- About this exercise -
Print exactly the lines below between the line holding "Referāts 'Bērna intelektuālā" and the line holding "割雞 寒假來(lái)了", inclusive, and nothing more.

____ Data listing

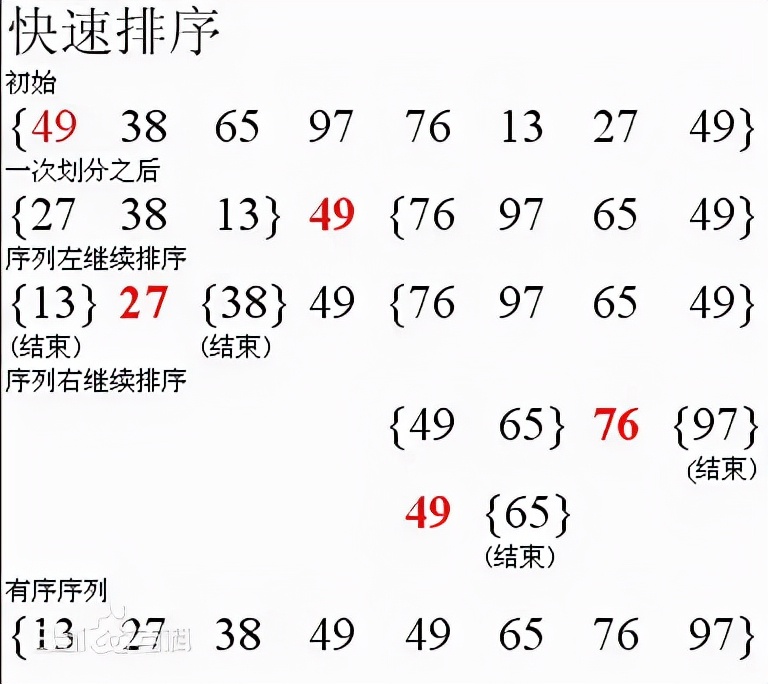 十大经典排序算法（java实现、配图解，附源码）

________
____ Data listing

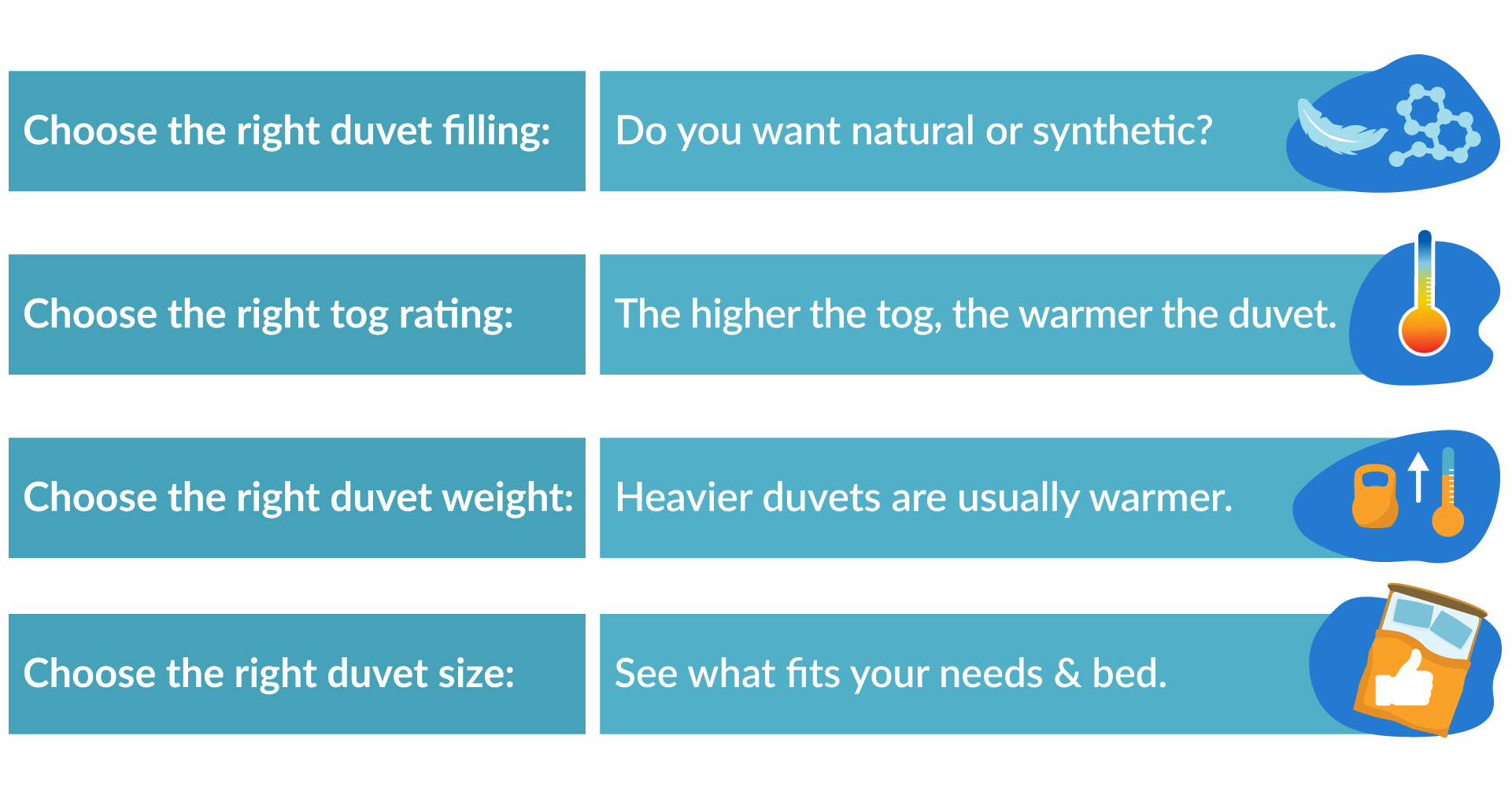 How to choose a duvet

________
____ Data listing

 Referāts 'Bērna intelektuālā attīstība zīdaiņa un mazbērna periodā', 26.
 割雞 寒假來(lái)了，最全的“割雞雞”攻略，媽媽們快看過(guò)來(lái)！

________

- Answer below -
 Referāts 'Bērna intelektuālā attīstība zīdaiņa un mazbērna periodā', 26.
 割雞 寒假來(lái)了，最全的“割雞雞”攻略，媽媽們快看過(guò)來(lái)！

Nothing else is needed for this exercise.